If you had a chance to world in deep space or the bottom of the ocean. Which one would you choose and why?

I've just seen a fascinating documentary on life forms in the deep ocean and all this talk about Sea World being sued, I've pretty much started leaning towards the ocean, seen it's right here and teaming with life.

I've been a sci-fi fan for a long time, and have looked at space as the future of mankind, but lets face it, space is a void. There are planets out there that need explored, which would be great, but how many planets, in one lifetime could one person reach. We have yet to come up with an efficient fast propulsion system that could take us where we wish in our lives.

Here on Earth we have an abundance of life that has been compelling since Jacques Cousteau, first appeared on our TV sets. If Oceanography ever had a saint, that man would be the first.

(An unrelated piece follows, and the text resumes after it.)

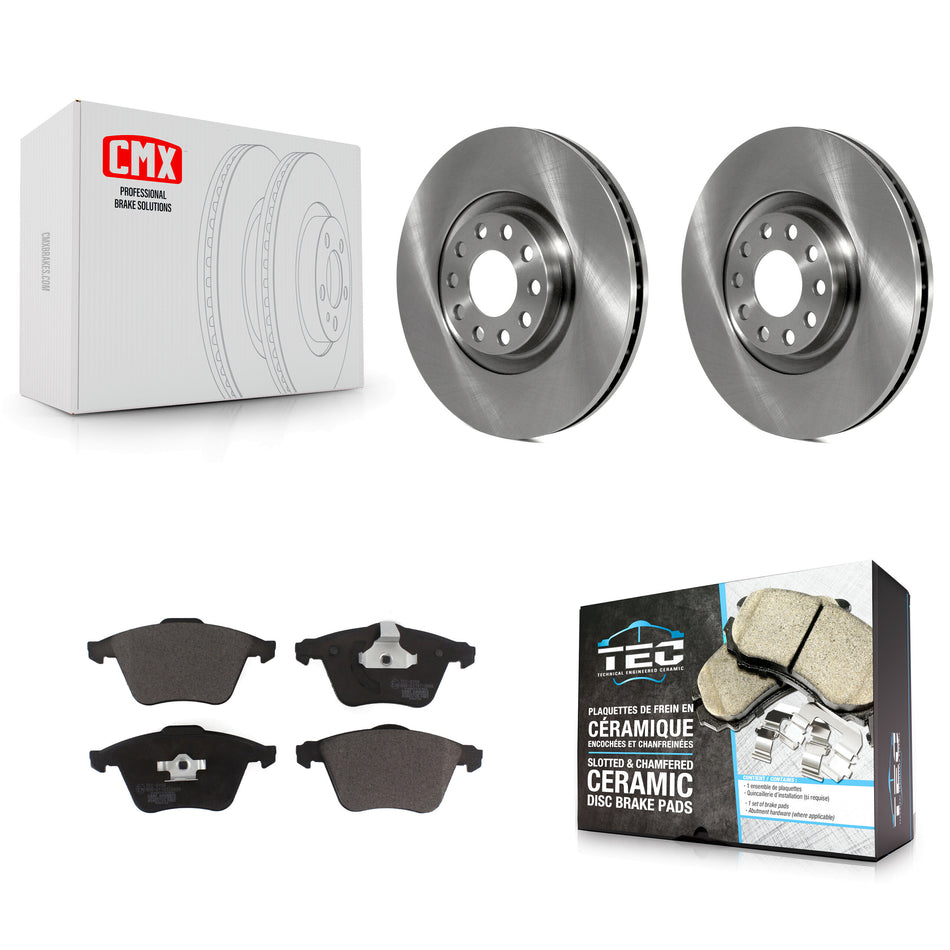 Front Disc Brake Rotors And Ceramic Pads Kit For 2002-2004 Audi A6 Quattro With 321mm Diameter Rotor Single Piston Caliper K8T-104081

It is truly humbling how small we all are on our own planet and it's a shame that so much of a great man had to leave this wold so soon.


----------



## travis1325 (Jun 4, 2012)

This is fascinating. I have thought about both for a long time and found a pretty close link. Well not scientifically speaking, but in the sense that both of them are largely unknown the further out (down) you get. I have always been entranced by the ocean, so I would have to say under water (but I would want a fin dangit). Space is another place I find captivating, but not sure, I would want to have aliens (friendly) and strange planets to visit.


----------



## Caged Maiden (Jun 4, 2012)

I'd pick space.  I think I would have a hard time with SAD under water with no sunlight.


----------



## Ophiucha (Jun 5, 2012)

Depends. Are we limited to modern technology?

The depths of space, in my mind, undoubtedly hold other life. Likely too far away for us to reach, and likely not developed enough to reach us. If we're outside of the boundaries of modern technology, I'd personally be much more interested in that. The depths of the ocean are also unreachable as of right now, but at least we can see squids and sharks. While I don't doubt that there are some fascinating creatures lying at the bottom of the ocean, as well, they interest me less than extra terrestrials. 

_But_ with science as it is right now, ocean > space. I love to swim, and astronaut food is pretty disgusting. The choice is obvious.


----------